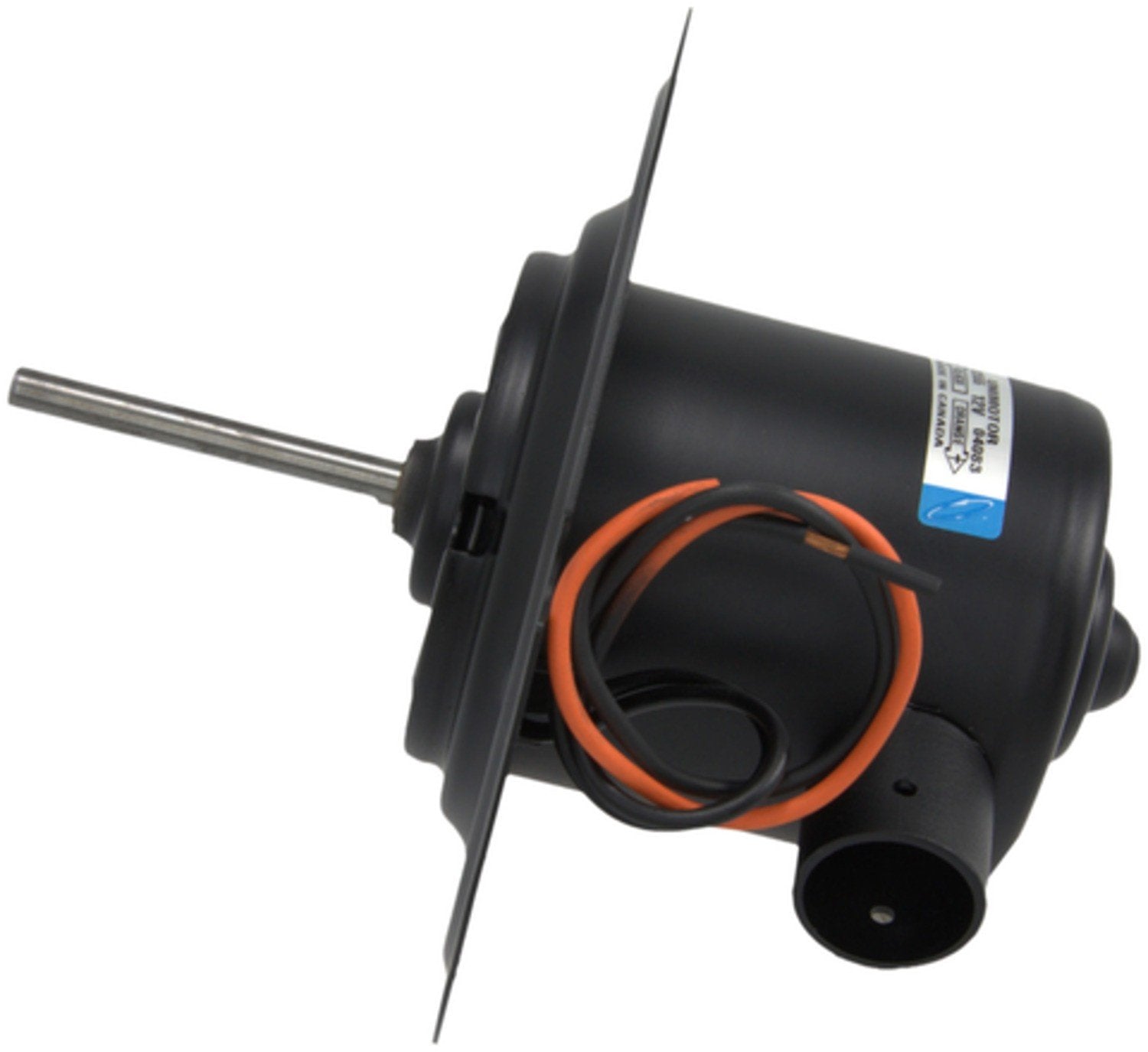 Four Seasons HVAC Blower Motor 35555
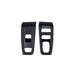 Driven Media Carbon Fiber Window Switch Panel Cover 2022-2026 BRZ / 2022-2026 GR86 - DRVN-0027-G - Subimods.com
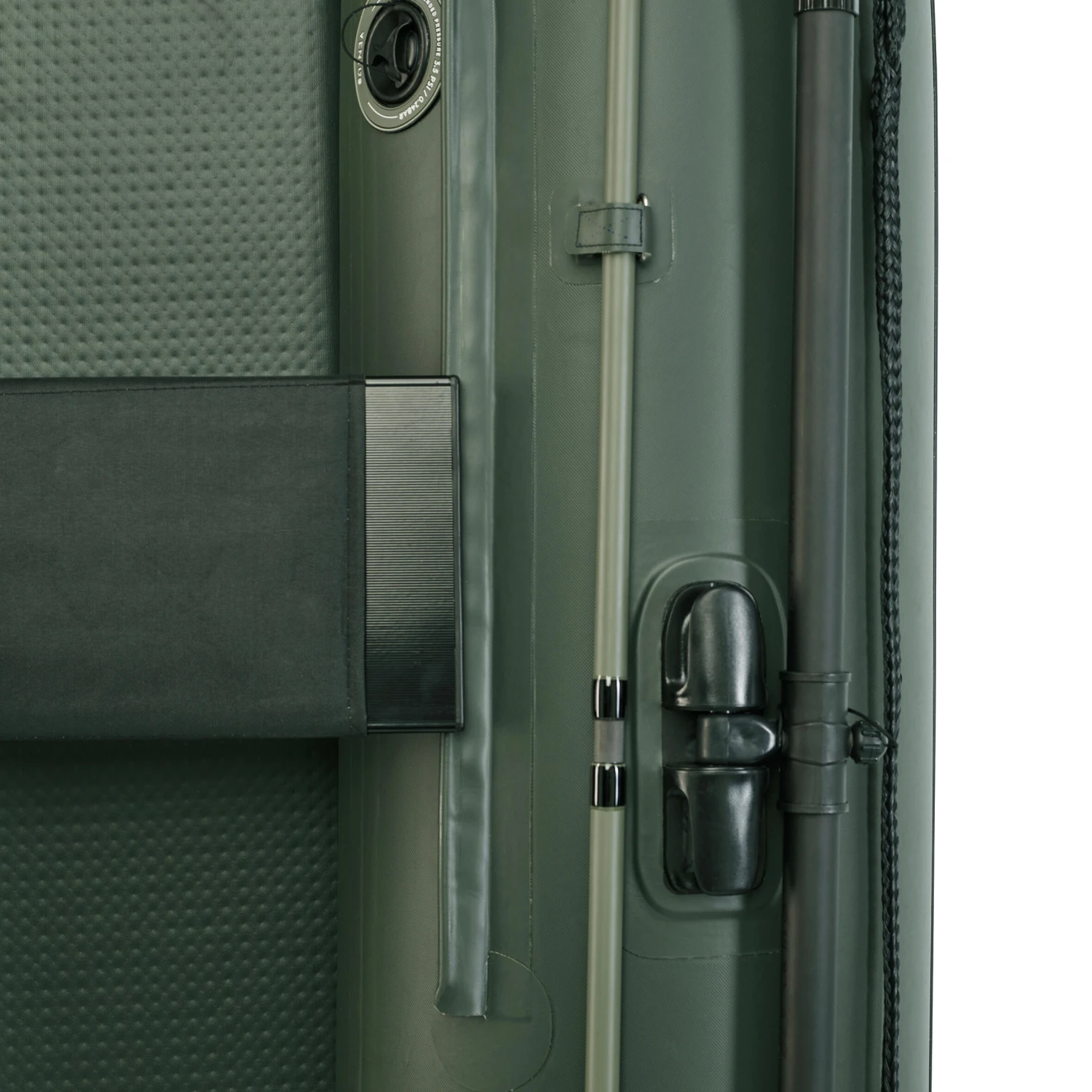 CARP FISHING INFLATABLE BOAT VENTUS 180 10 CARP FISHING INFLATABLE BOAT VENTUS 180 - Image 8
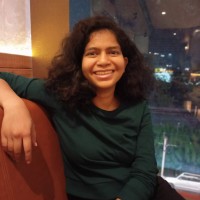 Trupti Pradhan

───

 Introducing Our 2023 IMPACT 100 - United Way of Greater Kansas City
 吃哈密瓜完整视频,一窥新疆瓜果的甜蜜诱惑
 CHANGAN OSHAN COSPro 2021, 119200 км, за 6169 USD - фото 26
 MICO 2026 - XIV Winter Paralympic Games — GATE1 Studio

───

What you return from the records above should be exactly everything from the line with "CARP FISHING INFLATABLE BOAT VENTUS 180 10" down to the line with "Trupti Pradhan", both kept, and no pictures.

 CARP FISHING INFLATABLE BOAT VENTUS 180 10 CARP FISHING INFLATABLE BOAT VENTUS 180 - Image 8
 Trupti Pradhan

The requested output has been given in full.